Già Tucidide, alla vigilia della guerra del Peloponneso, individuava nell’uso ingannevole della parola il sovvertimento della vita civile: «Pretesero persino di cambiare la consueta accezione delle parole in rapporto ai fatti, sulla base di ciò che ritenevano giustificato. La temerarietà sconsiderata fu ritenuta coraggiosa solidarietà di partito; la prudente cautela, speciosa vigliaccheria; l’equilibrio, ammantata codardìa; l’assennatezza in tutto, inerzia verso tutto; l’impetuosa impulsività fu accreditata a un temperamento virile; il riflettere con calma, in nome della sicurezza, a suadente, pretestuosa riluttanza» (La guerra del Peloponneso 3, 82,4).
Era la stagione dei Sofisti, i nuovi maestri di retorica, i quali ai princìpi della scienza (episteme) e della verità (alétheia) sostituirono i criteri dell’opinione (dóxa) e del verosimile (eikós), nell’intento di fare apparire più validi i ragionamenti meno validi.
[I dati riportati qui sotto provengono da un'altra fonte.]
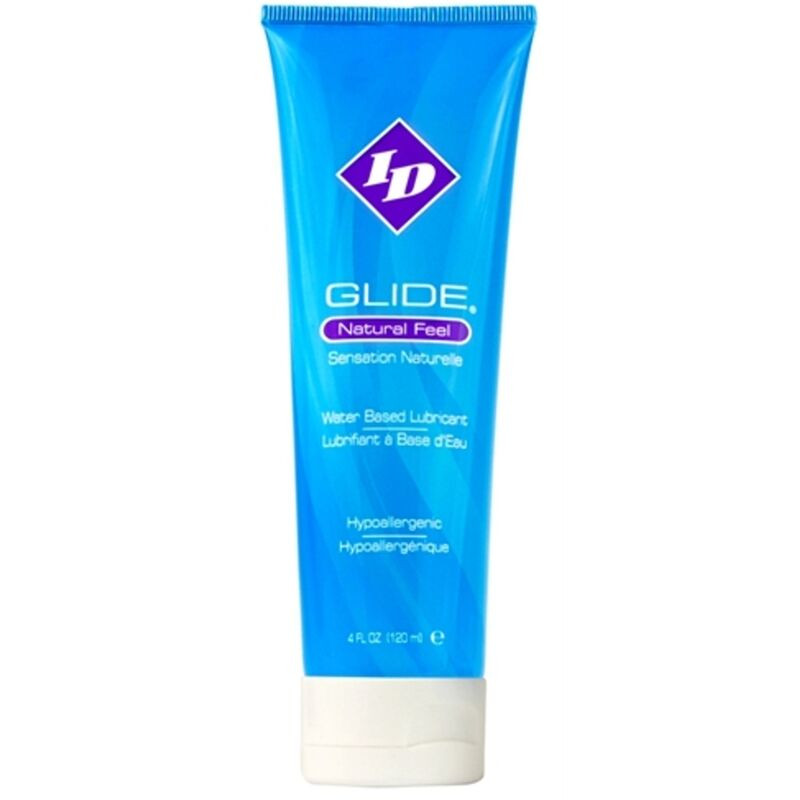 ID GLIDE - LUBRIFICANTE A BASE ACQUA DA VIAGGIO ULTRA LUNGA DURATA TUBO 120 ML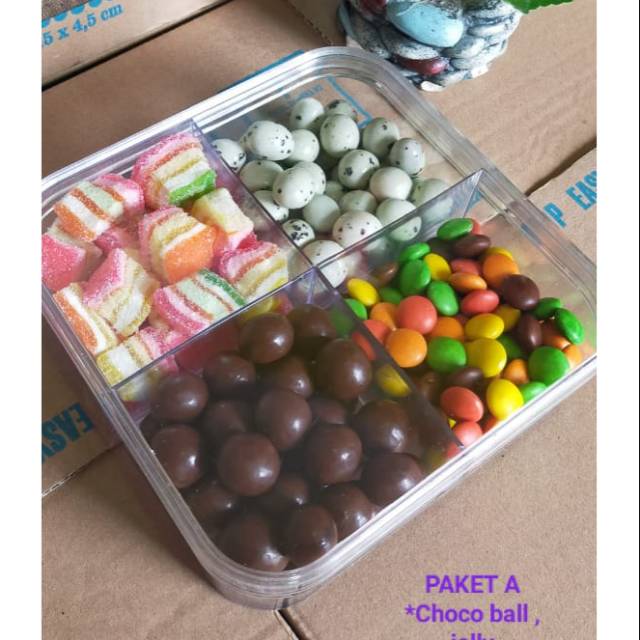 

Paket coklat Lagie kode A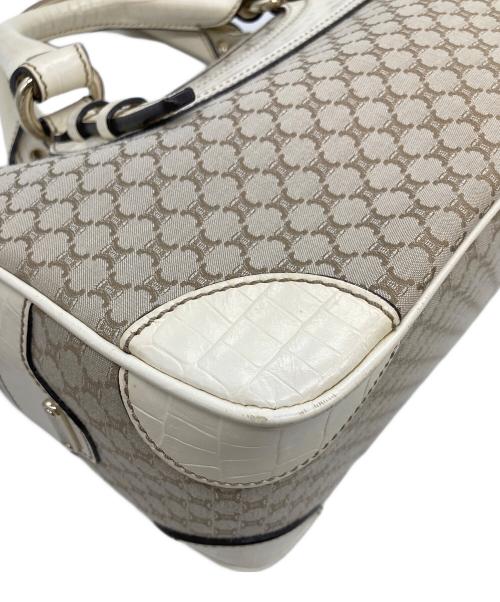 CELINE（セリーヌ）CELINE (セリーヌ) トリオンフ柄ブギーバッグ　ハンドバッグ ベージュ サイズ:実寸参照の古着・服飾アイテム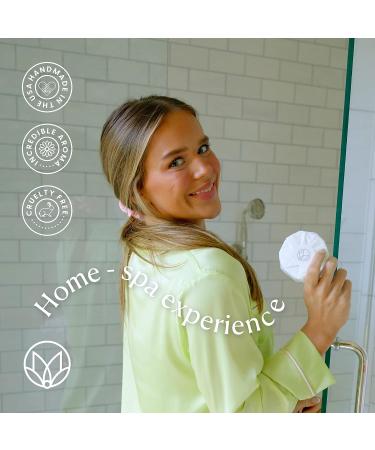 Musee Eucalyptus Mint Shower Steamers Set for Relaxing Aromatherapy | Handmade in USA | 4 Shower Bombs Perfect for Spa Gift, Men, Women | Birthday Present - Buy Online on GoSupps.com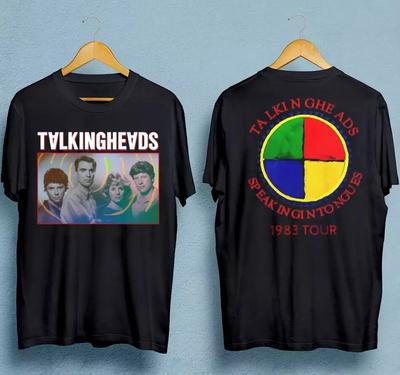 Retro Talking Heads Band Double-sided T-shirt Black Tee S To 4XL Unisex T-Shirt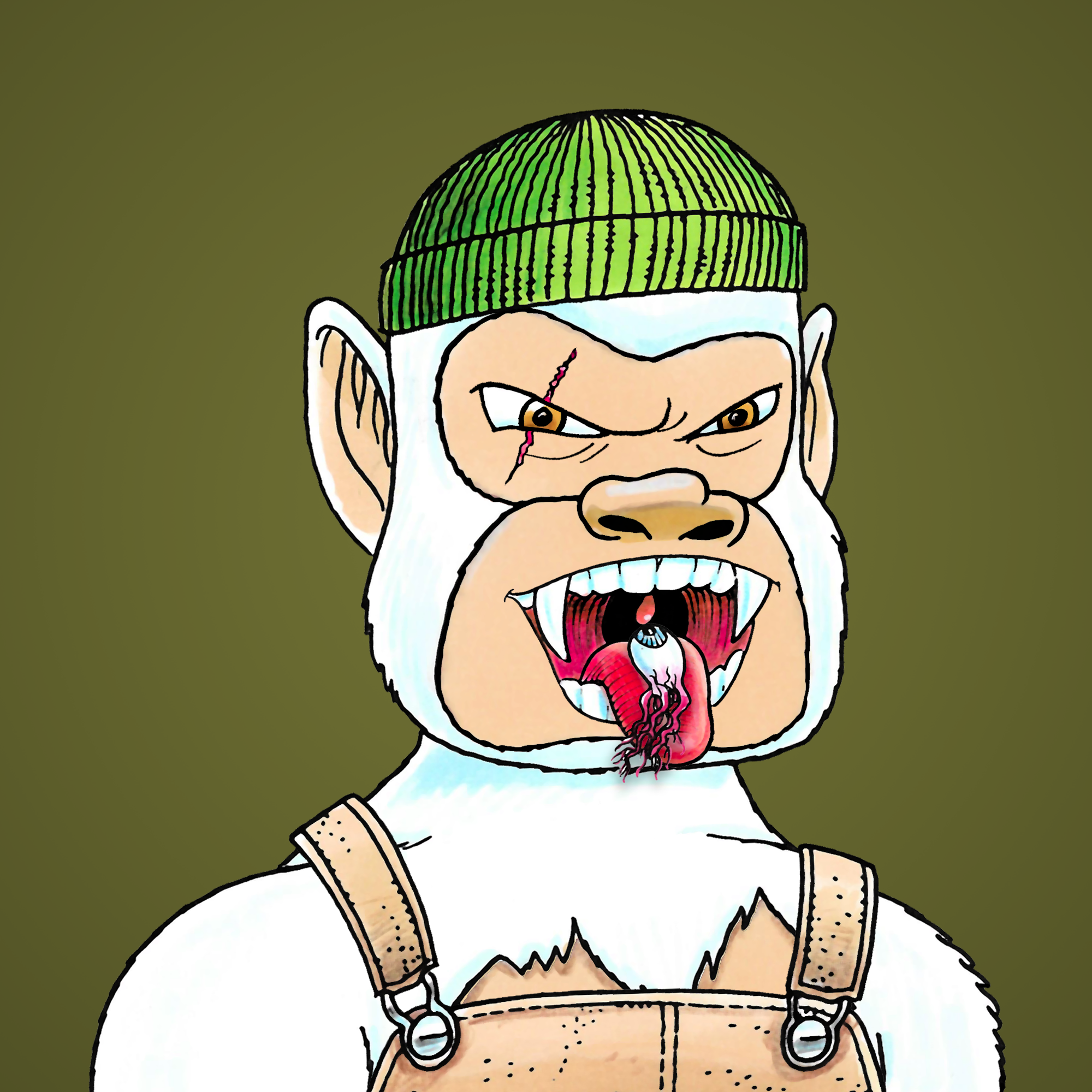 George Trosley - Jungle Freaks - Jungle Freak 3145 - NFT # 3145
Quid nunc? Da dove ricominciare? Perché di questo si tratta. Io direi dal “discorso comune”, da quel koinós logos che fonda la nostra natura e determina il nostro destino individuale e politico; e che nell’incontro con l’altro si fa dialogo, confronto di ragioni diverse.
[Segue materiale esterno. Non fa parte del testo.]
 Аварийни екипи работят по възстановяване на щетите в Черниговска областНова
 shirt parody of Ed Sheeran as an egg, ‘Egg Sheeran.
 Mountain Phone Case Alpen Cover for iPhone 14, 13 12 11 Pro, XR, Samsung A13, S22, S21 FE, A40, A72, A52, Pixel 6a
A noi professori il compito di professare il vero delle nostre discipline, vale a dire la complessità delle cose del mondo. Allora il demografo ricorderà che ogni minuto nascono 59 uomini di colore e poco più di mezzo italiano; il genetista che tutti noi europei bianchi, civili e colti proveniamo da antenati africani; lo studioso dell’antichità che la fortuna di Roma – come testimonia Tacito negli Annali (11,24) – si deve alla concessione della cittadinanza a tutti coloro che provenivano da ogni parte del mondo, mentre Sparta e Atene, pur così potenti militarmente, decaddero proprio per non aver accolto e integrato gli stranieri.
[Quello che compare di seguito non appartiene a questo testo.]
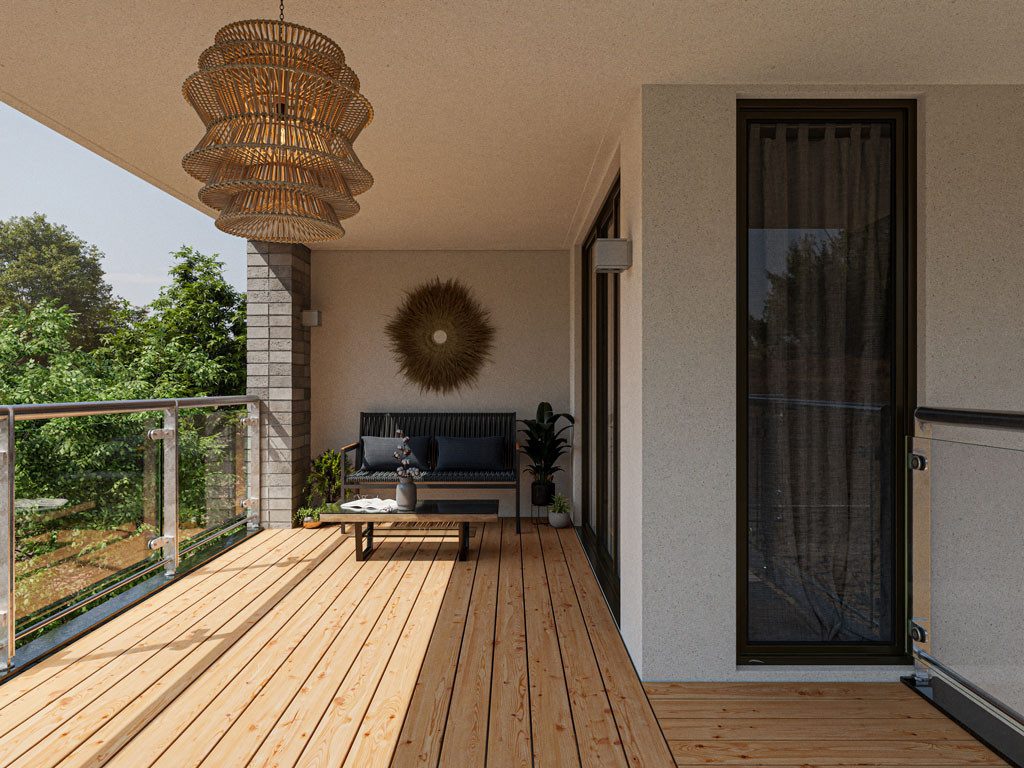 Woodtex Terrassendielen Terrassendiele Douglasie, BxL: je 14x300 cm, 26 mm Stärke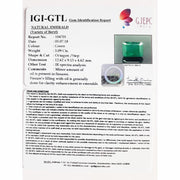 5.09/CT Natural Panna Stone with Govt. Lab Certificate (8991)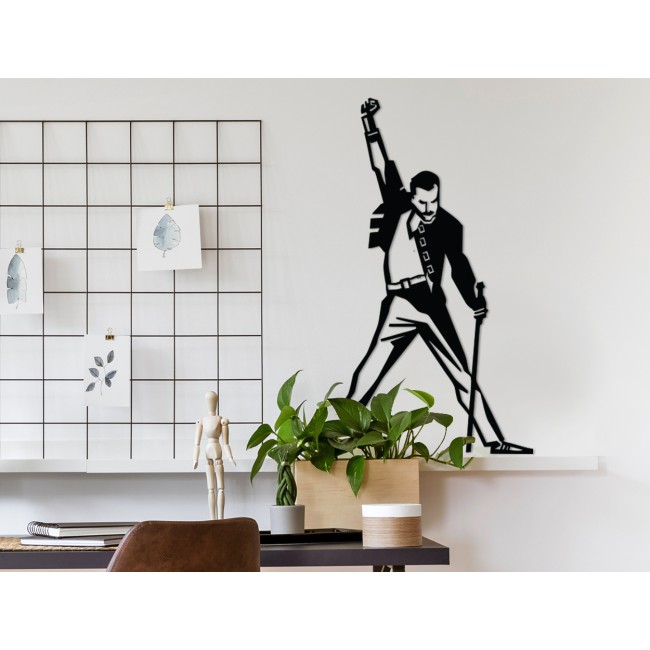Febros Designs Metal Wall Decoration  Freddie Mercury
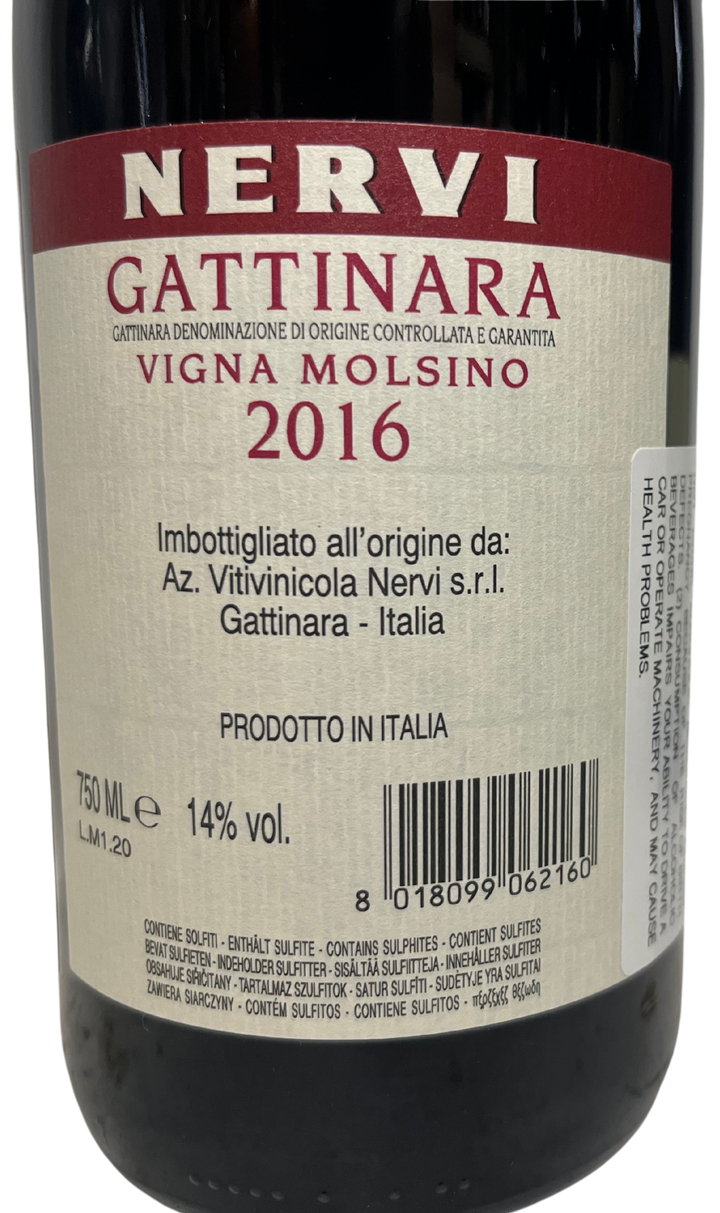 2016 Nervi Conterno Gattinara Vigna Molsino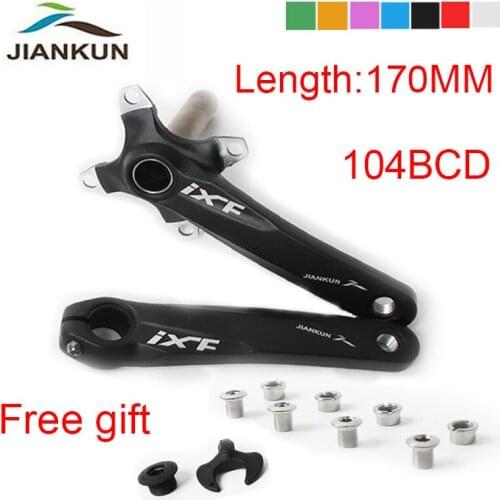 IXF 104BCD bike crank 170mm Round hole Aluminum Alloy bicycle crankset for 7/8/9/10/11S Chainring MTB Road Bicycle Accessories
Alle ragazze e ai ragazzi della nostra Università che hanno ideato questa due giorni, mi sento di dover chiedere scusa e di fare un appello. Scusa perché non siamo riusciti a consegnare loro un mondo migliore: l’appello a impegnarsi in politica. Cominciando col meditare sulla parola più bella creata e trasmessa dalla classicità: res publica, la cosa di tutti.